The diagnostic complexity of UTROSCTs stems from their morphological overlap with various benign and malignant uterine neoplasms, including endometrial stromal tumors, leiomyomas with unusual patterns, epithelioid smooth muscle tumors, and even carcinomas (18–20). This diagnostic challenge is compounded by the limited value of preoperative imaging, as ultrasound and MRI findings often suggest more common entities such as uterine leiomyomas or adenomyosis (2, 21, 22). The preoperative biopsy interpretation is frequently inconclusive due to the tumor’s heterogeneous composition and sampling limitations (2, 9). Recent advances in molecular pathology have begun to illuminate the genetic landscape of UTROSCTs, with the discovery of recurrent gene fusions involving NCOA1-3, ESR1, and GREB1 genes (13, 23, 24). These molecular alterations not only provide diagnostic markers but also offer insights into the tumorigenesis of these rare neoplasms. Furthermore, emerging evidence suggests that specific genetic alterations may correlate with clinical behavior, potentially enabling better prognostic stratification (13, 14, 25).
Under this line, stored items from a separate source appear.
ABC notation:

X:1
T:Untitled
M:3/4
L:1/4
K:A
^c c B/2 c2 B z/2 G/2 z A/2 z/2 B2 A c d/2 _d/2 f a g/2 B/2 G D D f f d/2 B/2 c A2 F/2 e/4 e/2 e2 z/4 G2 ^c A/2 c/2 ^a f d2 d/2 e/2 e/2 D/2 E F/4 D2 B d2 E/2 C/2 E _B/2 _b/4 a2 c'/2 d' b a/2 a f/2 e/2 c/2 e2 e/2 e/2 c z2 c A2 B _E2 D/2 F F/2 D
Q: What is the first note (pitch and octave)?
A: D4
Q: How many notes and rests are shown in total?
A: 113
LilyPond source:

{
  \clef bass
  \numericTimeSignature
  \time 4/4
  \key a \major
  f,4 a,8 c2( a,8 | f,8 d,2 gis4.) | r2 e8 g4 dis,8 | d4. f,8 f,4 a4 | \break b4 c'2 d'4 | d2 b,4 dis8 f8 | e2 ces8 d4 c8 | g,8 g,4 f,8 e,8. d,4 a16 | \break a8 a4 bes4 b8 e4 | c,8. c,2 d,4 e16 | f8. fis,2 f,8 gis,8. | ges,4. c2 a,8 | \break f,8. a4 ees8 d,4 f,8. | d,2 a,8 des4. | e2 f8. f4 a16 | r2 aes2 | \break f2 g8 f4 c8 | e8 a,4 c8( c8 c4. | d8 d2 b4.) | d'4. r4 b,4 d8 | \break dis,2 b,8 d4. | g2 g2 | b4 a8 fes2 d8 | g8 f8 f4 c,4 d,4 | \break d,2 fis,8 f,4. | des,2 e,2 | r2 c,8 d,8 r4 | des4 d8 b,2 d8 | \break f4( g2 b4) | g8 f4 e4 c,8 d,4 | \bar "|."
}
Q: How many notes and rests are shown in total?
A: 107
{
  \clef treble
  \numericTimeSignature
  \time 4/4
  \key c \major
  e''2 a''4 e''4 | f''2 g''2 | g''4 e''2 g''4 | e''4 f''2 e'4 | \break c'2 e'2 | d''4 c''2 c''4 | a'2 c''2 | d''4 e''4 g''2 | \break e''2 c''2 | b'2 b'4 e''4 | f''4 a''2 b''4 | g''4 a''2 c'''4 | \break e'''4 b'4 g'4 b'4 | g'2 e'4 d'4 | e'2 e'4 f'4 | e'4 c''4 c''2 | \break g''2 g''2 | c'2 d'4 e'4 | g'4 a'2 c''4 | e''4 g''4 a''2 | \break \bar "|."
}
The therapeutic approach to UTROSCTs has traditionally involved hysterectomy with or without bilateral salpingo-oophorectomy, reflecting the uncertainty regarding their malignant potential (9, 26, 27). However, growing recognition of their generally indolent behavior, particularly in younger women, has led to increased consideration of fertility-sparing approaches in selected cases (26, 28, 29). The management dilemma is further complicated by the occasional aggressive cases that demonstrate recurrence or metastasis, sometimes after prolonged disease-free intervals (6, 30, 31).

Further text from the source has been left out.